Glanz, Glamour, Freude, Popcorn,
Musik, Lichter, Spaß, Talent.
Das sind Begriffe die man
mit dem Zirkus verbindet – ABER AUFGEPASST:
Wenn die lachenden
Gesichter der Show verschwinden, dann zeigt die Zirkuswelt ihr wahres Gesicht.
Heile Welt sieht anders aus.
Ja, der erste Eindruck
trügt. Es gibt auch ebenso schockierende Dinge im Alltag eines Zirkus.
Außergewöhnliche Menschen mit außergewöhnlichem Lebensstil. Jedoch nicht nur im
positiven Sinne. Ja, es gibt Schattenseiten.
Was spielt sich ab wenn die Scheinwerfer ausgehen?
Dieser Rundbrief ist die
große Enthüllung. Das Geheimnis wird gelüftet.
Ich werde euch einen
Einblick zu Dingen geben, die man als Zuschauer nicht sehen kann.
Herzlich Willkommen zum
Theoretisch habe ich im
letzten Rundbrief bereits von meinem Abschied berichtet.
Du fragst dich warum der
„Blick hinter die Kulissen“ erst danach kommt?
Ein ganz simpler Grund:
Ich möchte diesen Rundbrief symbolisch von meinen anderen Erfahrungen im Zirkus
abgrenzen.
Ja, der Großteil meiner
Zeit im Zirkus war wunderbar, das möchte ich so in Erinnerung behalten, als ein
Kapitel.
Dennoch will ich euch auch
die Schattenseiten des Zirkuslebens nicht vorenthalten – ja, auch sie waren
Teil meines Lebens dort.
Du willst wissen was auf
dich zukommt?
Ja, eines solltest du
bereits jetzt wissen: Im Laufe dieses Berichts wird die Spannungskurve stets
steigen!
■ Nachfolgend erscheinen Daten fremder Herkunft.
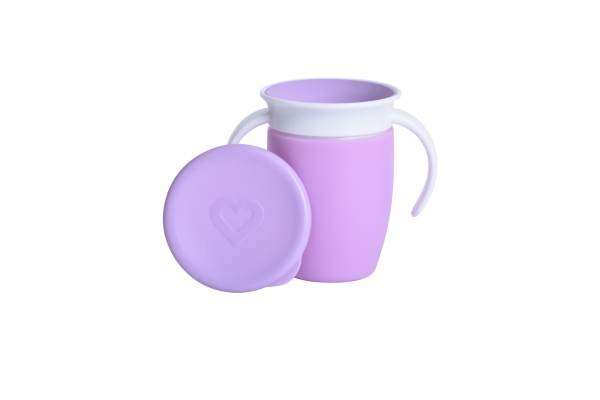 <div style=" font-size:10px; font-weight:bold;"> munchkin ハンドル付きミラクルカップ/パープル </div>  <div style=" font-size:10px;"> どこからでも飲めてこぼれにくい！<br> コップ飲みの練習にピッタリの、逆さまにしてもこぼれにくいコップ！ </div>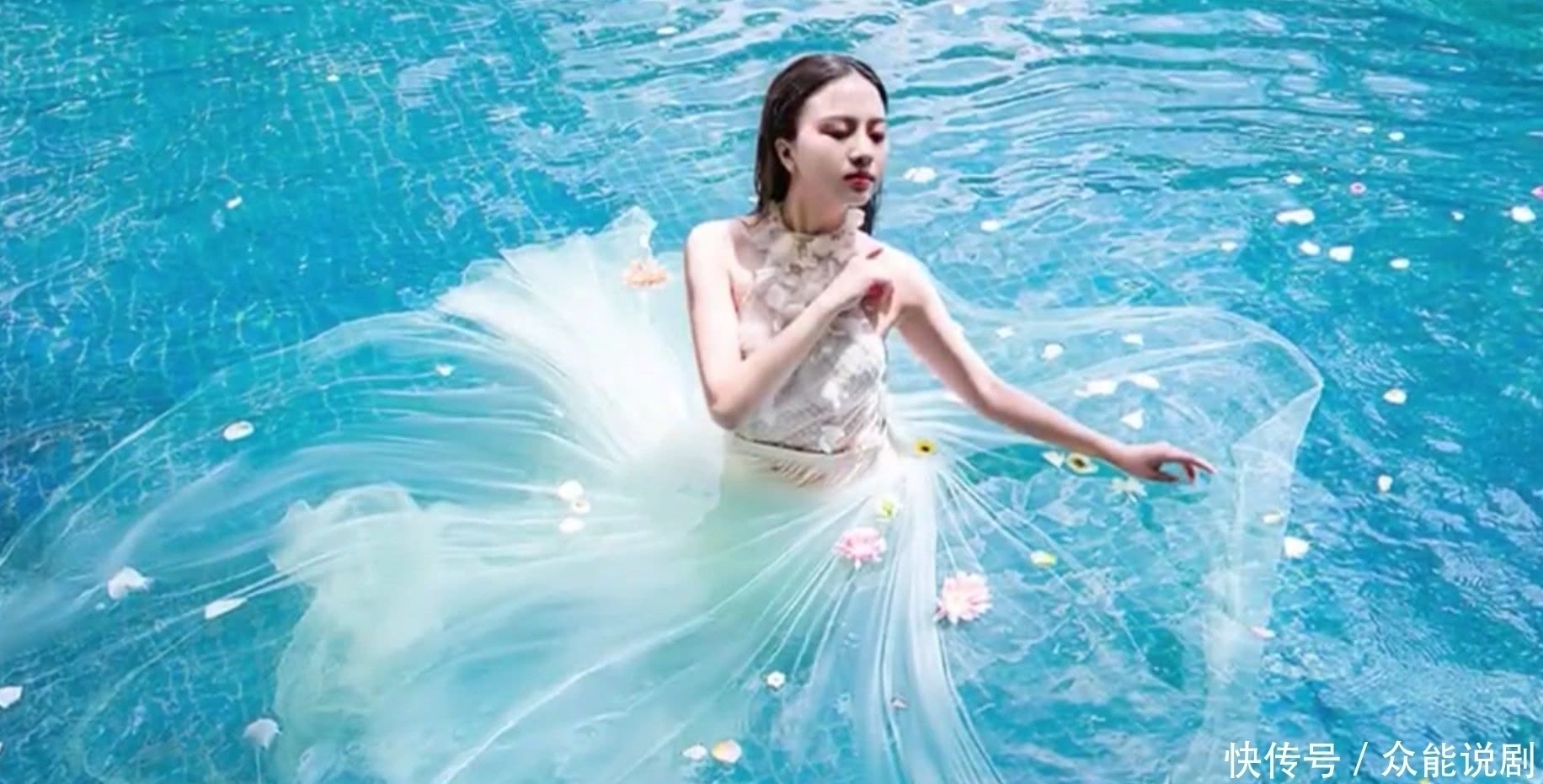 小姐姐|奇闻:新娘大冬天去泳池拍婚纱照,嘴唇发紫,瞧成片觉得值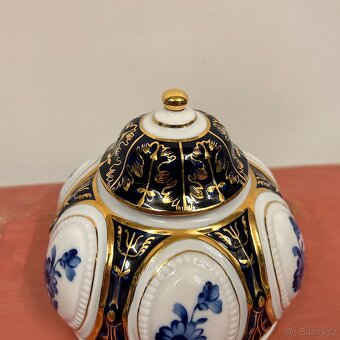Porcelánová dóza, cukřenka Royal Dux Bohemia, výška 12cm - 4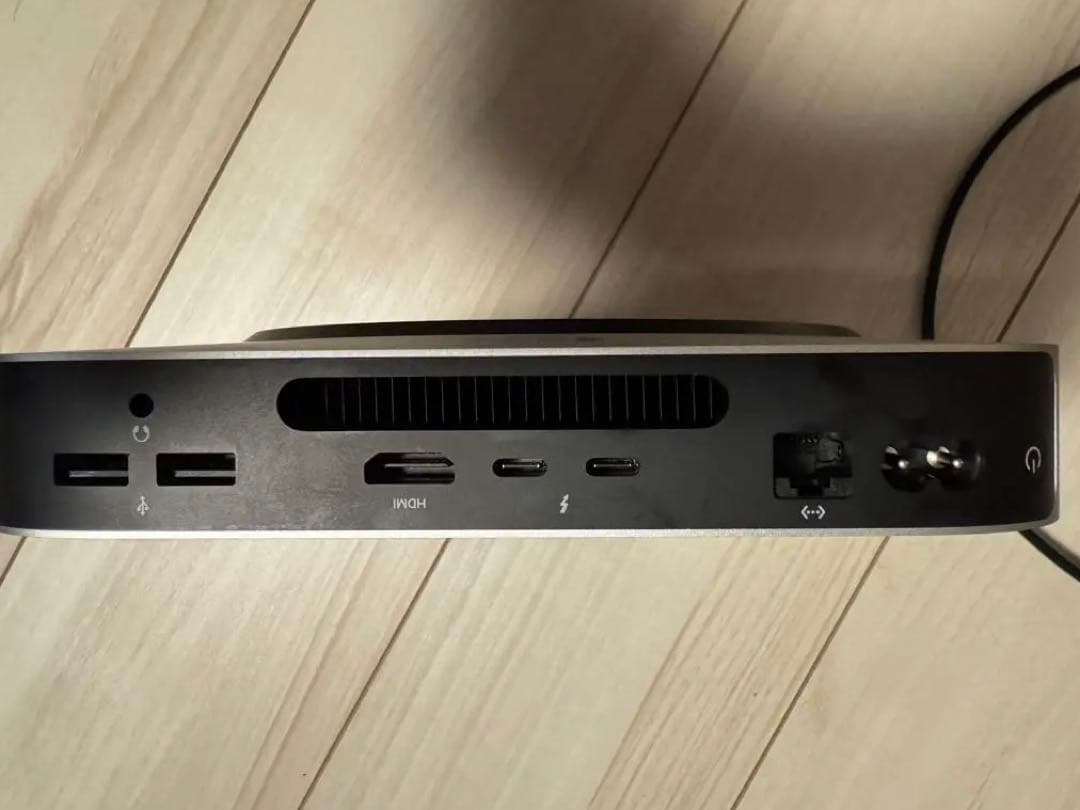 2023年　M2 Apple Mac mini シルバー 本体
Sprich: Je mehr du liest, desto schockierender wird es. :)
Doch zunächst möchte ich
ein paar Wahrheiten aufdecken!
Ich
möchte mit einer Zirkuswahrheit beginnen, die jedem von euch als Motivation
dienen soll:
Wenn
man die Artisten zunächst sieht, die „Lichtgestalten“, die tagtäglich im
Applaus der Menge baden, täglich im Mittelpunkt stehen, die ein solch großes
Talent haben, dann denkt man zunächst: Menschen von einem anderen Stern.
Doch
lernt man sie persönlich kennen, dann erkennt man plötzlich:
Hey!
Die kochen auch nur mit Wasser!
Auch
wenn ihre Show noch so spektakulär ist: Sie sind auch nur Menschen! Sie haben
auch Probleme.
Beispielsweise
der Jongleur Yibi (Bild rechts): Er ist tatsächlich farbenblind seit seiner Geburt!
Stellt
euch vor: Letztens musste ich ihm helfen eine Lampe anzuschließen. Warum?
Die
Kabel - Grün? Braun? Man stelle sich vor er hätte sie falsch verkabelt – aber
ich war natürlich so nett und bin ihm hilfsbereit zur Seite gestanden :)
Und
es gibt eine weitere Offenbarung: Auch die Profis kennen Nervosität!
Ich
erinnere mich: Wir hatten eine große VIP-Eröffnung unserer Show und ich wollte
hinter dem Vorhang mit Rosita, die Artistin an den Ringen (Bild links),
plaudern.
Sie,
die Tochter des Zirkusdirektors, UNZÄHLIGE Auftritte, schon ihr komplettes
Leben lang. Und was meinte sie?
„Andreas,
ich bin zu nervös deine Frage zu beantworten!“
Interessant
zu wissen. Und ein Trost und Motivation, dass selbst Berufsartisten und Profis so
etwas wie Nervosität kennen, auch wenn alles immer leicht, locker und lässig aussieht!
Und
noch eine weitere Wahrheit möchte ich aufdecken:
Es
ist wahr: Zirkuskinder gehen nicht zur Schule!
Sie
werden zu Hause unterrichtet. Von ihren Eltern. Genannt: Homeschooling.
Und
letzten Dezember wurde ich Zeuge: Ein Zirkuskind wurde geboren.
Und
da fiel es mir wie Schuppen von den Augen: Die Zukunft dieses Kindes ist
bereits beschlossene Sache: Zirkus.
Ohne
eine Schulbildung hat das Kind nahezu keine Chance, einen anderen Beruf zu erlernen.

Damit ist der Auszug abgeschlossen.